Il debito pubblico italiano a marzo è salito di 15,9 miliardi a 2.302,3 miliardi di euro, attestandosi poco sotto rispetto al record storico di 2.308 miliardi del luglio 2017. Lo ha evidenziato stamane il Supplemento finanziario al Bollettino statistico della Banca d’Italia. L’incremento è stato dovuto al fabbisogno delle amministrazioni pubbliche per 20,1 miliardi, solo parzialmente compensato dalla riduzione delle disponibilità liquide del Tesoro di 3,5 miliardi a 44,8 miliardi (erano a 54,6 miliardi nel marzo 2017).

Superata ancora una volta, dunque, la soglia psicologica dei 2.300 miliardi, pesante eredità per il governo che verrà. Nei primi 3 mesi dell’anno, il debito pubblico tricolore risulta così aumentato di 46,2 miliardi, più dei 42,6 miliardi di incremento registrato nel primo trimestre del 2017, anche se il fabbisogno mensile si è attestato perfettamente in linea con i livelli del marzo dello scorso anno.

Sul nostro indebitamento restano accesi i fari della Commissione europea, intenzionata a capire quale direzione voglia imprimere ai conti pubblici l’esecutivo che sta per nascere a Roma, retto da due formazioni – Lega e Movimento 5 Stelle – che segnalano minore attenzione dei predecessori per i target fiscali, quando già non è che abbiano brillato i governi degli ultimi anni con riferimento alla loro capacità di stabilizzare il rapporto tra debito e pil, chiuso nel 2017 al 131,8%.

Il debito pubblico con la bassa inflazione allarma di più, ecco perché

E alla fine del 2017, la quota di debito in mano agli investitori stranieri risultava attestarsi al 32% del totale, una percentuale alquanto bassa e praticamente stabile da anni. Nel 2010, toccava l’apice del 52%, con ciò suggerendo che oltre la metà dei nostri titoli di stato emessi erano finiti all’estero. Facendo qualche calcolo, si trova che da allora non si è ridotta solamente la percentuale, bensì pure l’ammontare in valore assoluto del debito pubblico italiano nelle mani degli investitori stranieri ed esattamente di quasi 240 miliardi. Una fuga di capitali, che risulterebbe maggiormente accentuata, se si tenesse conto che nel frattempo la BCE abbia acquistato titoli di stato per complessivi circa 260 miliardi in 3 anni, tramite il “quantitative easing”. In sostanza, ad essersi liberati dei nostri bond sono stati quasi esclusivamente gli investitori stranieri.

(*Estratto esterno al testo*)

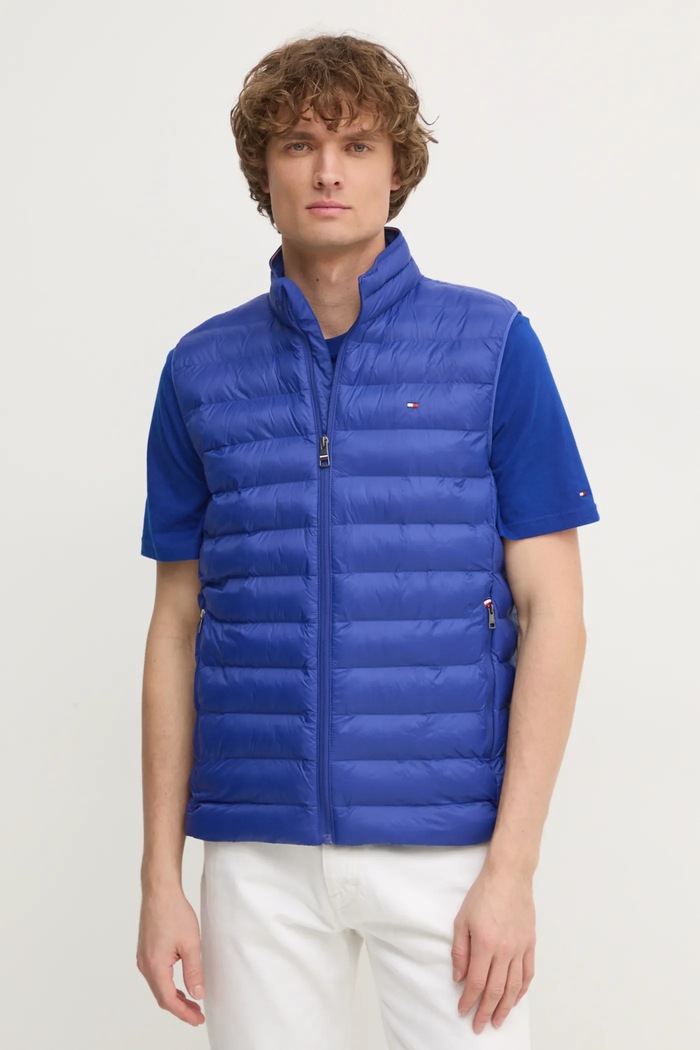 Prsluk Tommy Hilfiger bez kapuljače plava MW0MW37677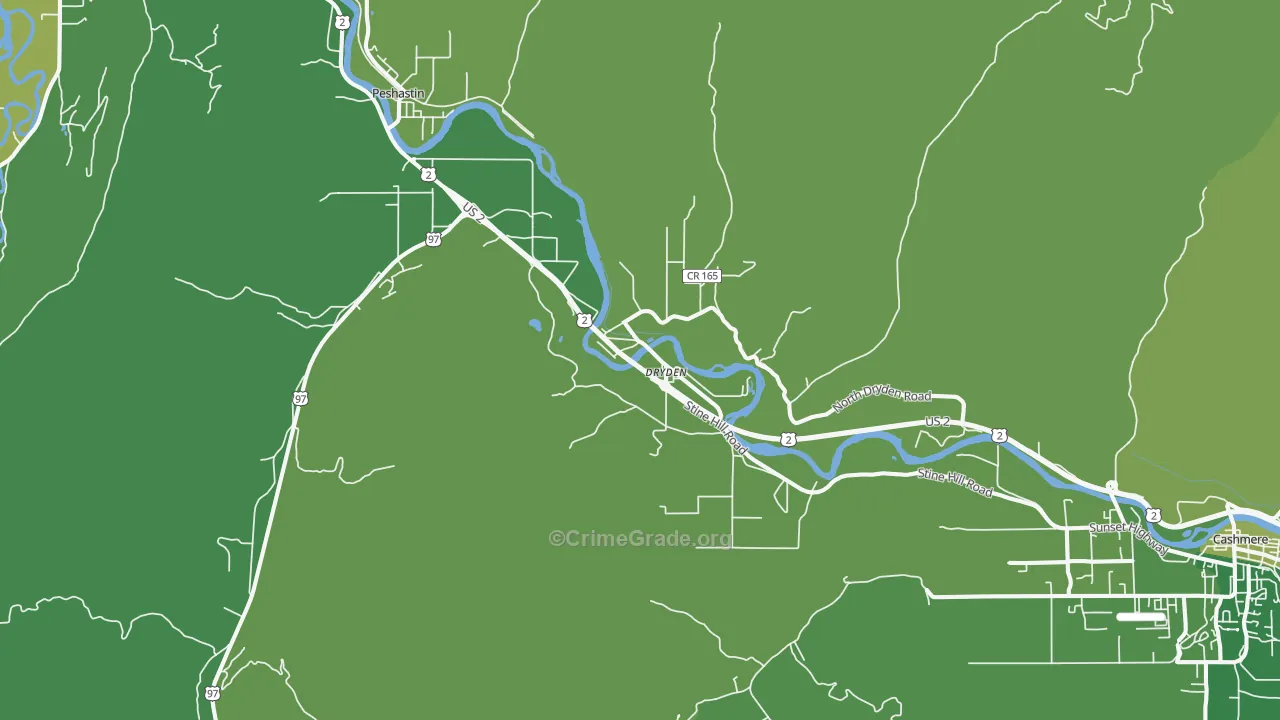 Dryden, WA Map of Vehicle Theft Rates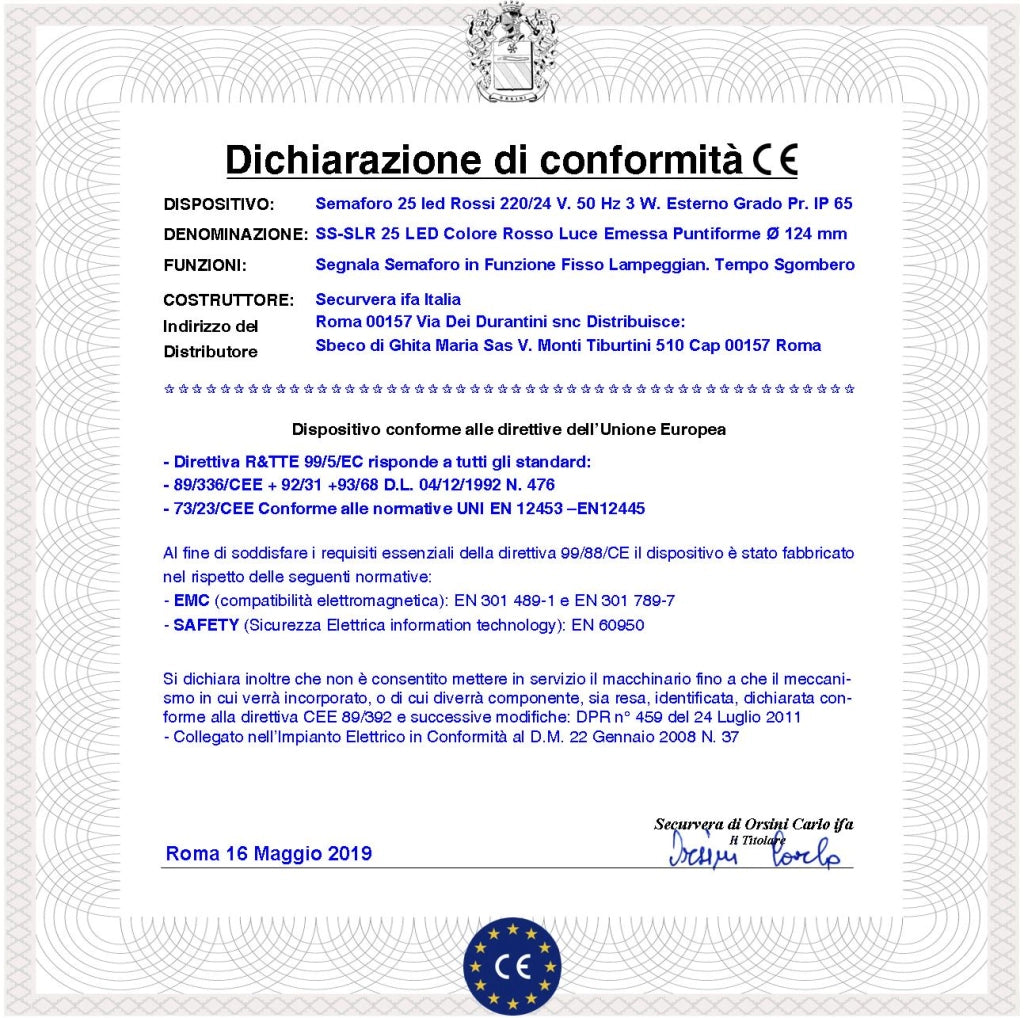 Lente Rossa Vetro Ricambio Semaforo Securvera Diametro luce 124 mm Diametro Esterno 135 mm Guarnizione Parapioggia Emissione Amplifica la Luce Modalità Puntiforme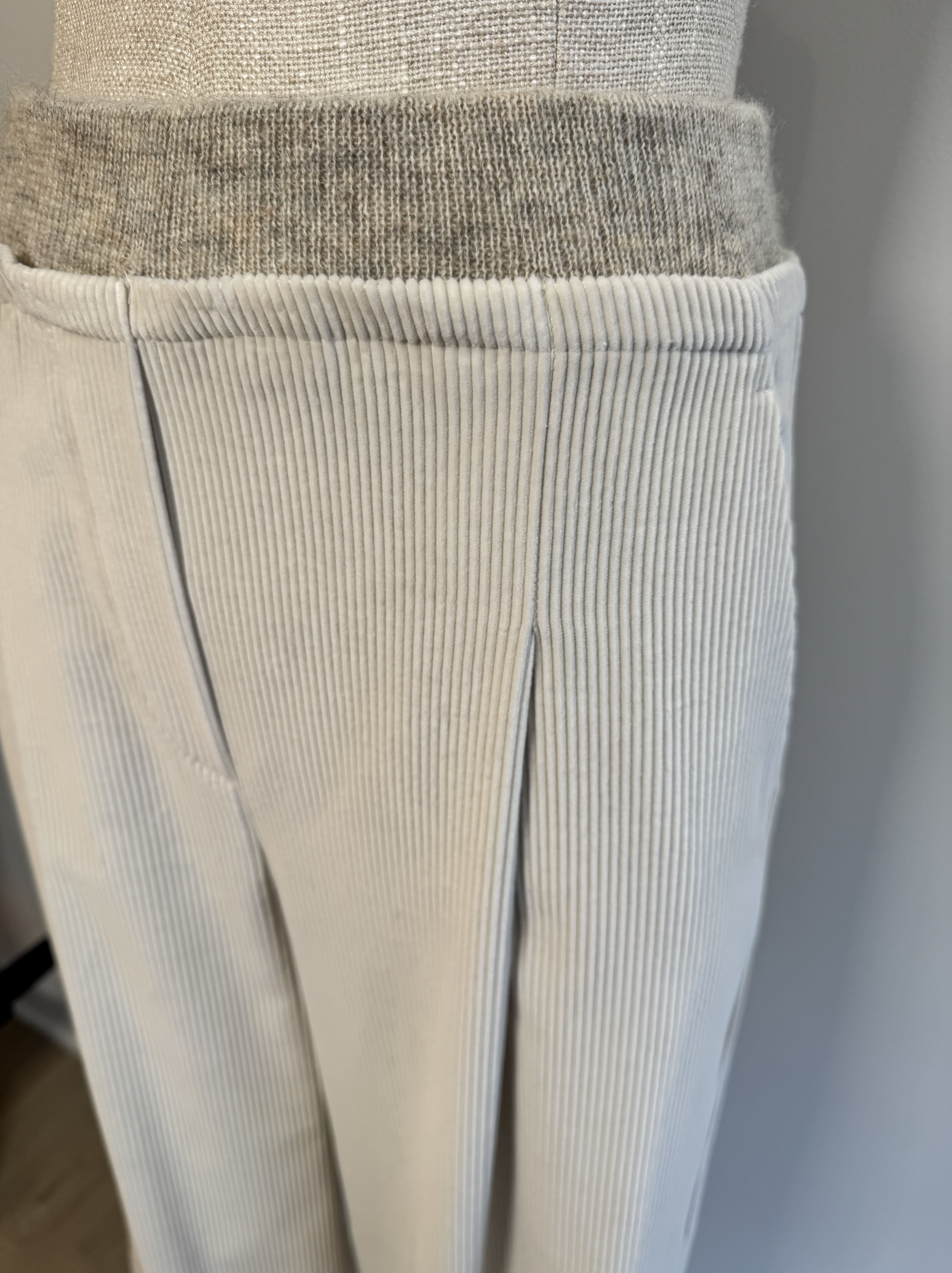 Relaxed fit cream corduroy trousers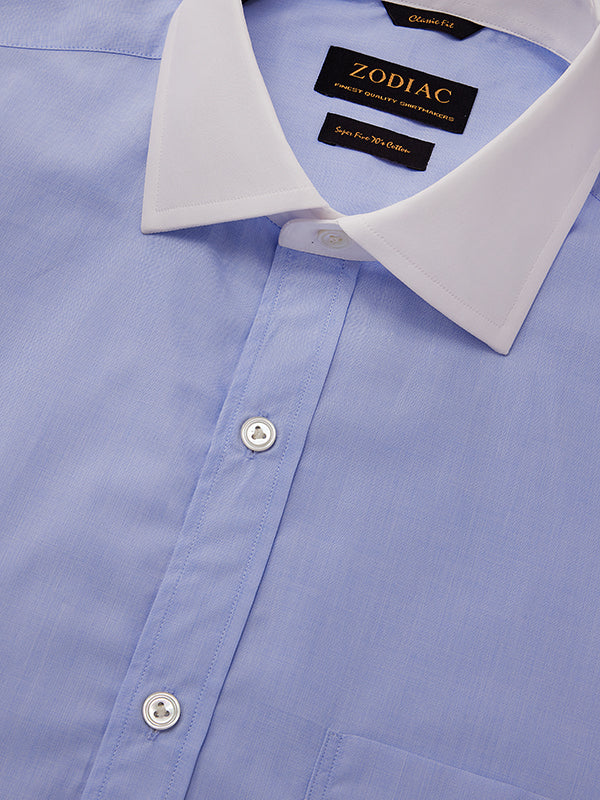 Fil A Fil Sky Solid Full Sleeve Double Cuff Tailored Fit Classic Formal Cotton Without Pocket Shirt
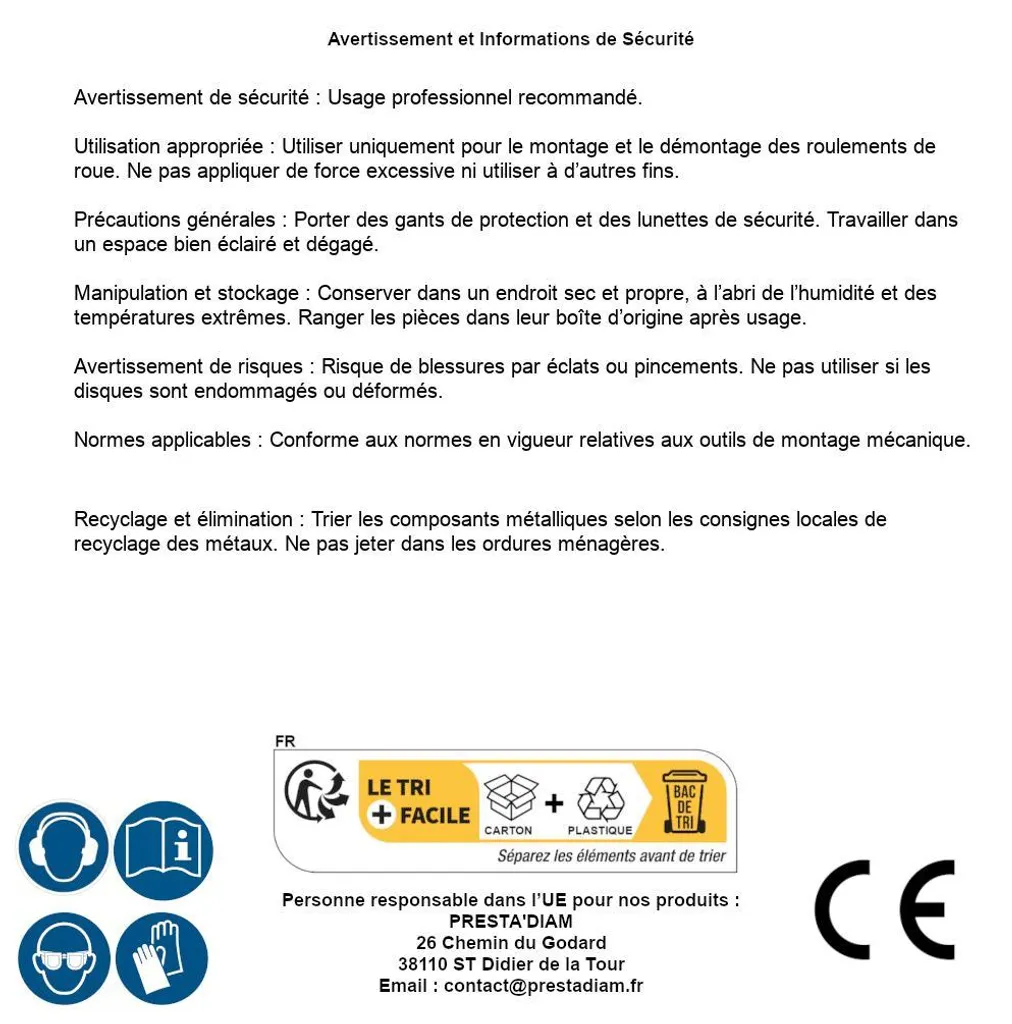 Kit Montage Roulement de Roue Acier Résistant - 52 Disques Haute Précision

Debito scarsamente presente all’estero

Al dicembre scorso, le famiglie italiane risultavano in possesso di poco più del 5% del debito, Bankitalia deteneva una quota del 15,4% (sempre per effetto del QE, i cui acquisti sono realizzati tecnicamente dalle banche centrali nazionali per l’80%), il sistema bancario finanziario possedeva un altro 27,2% e il 20% era in mano a fondi e assicurazioni. Come detto, appena il 32% risultava in mano a entità straniere. Tenendo conto che la BCE per allora dovrebbe avere acquistato direttamente titoli di stato italiani per una cinquantina di miliardi e che formalmente l’istituto viene annoverato tra gli investitori stranieri, troviamo che la quota realmente in possesso di fondi, banche e altre istituzioni finanziarie private estere sarebbe effettivamente inferiore al 30%.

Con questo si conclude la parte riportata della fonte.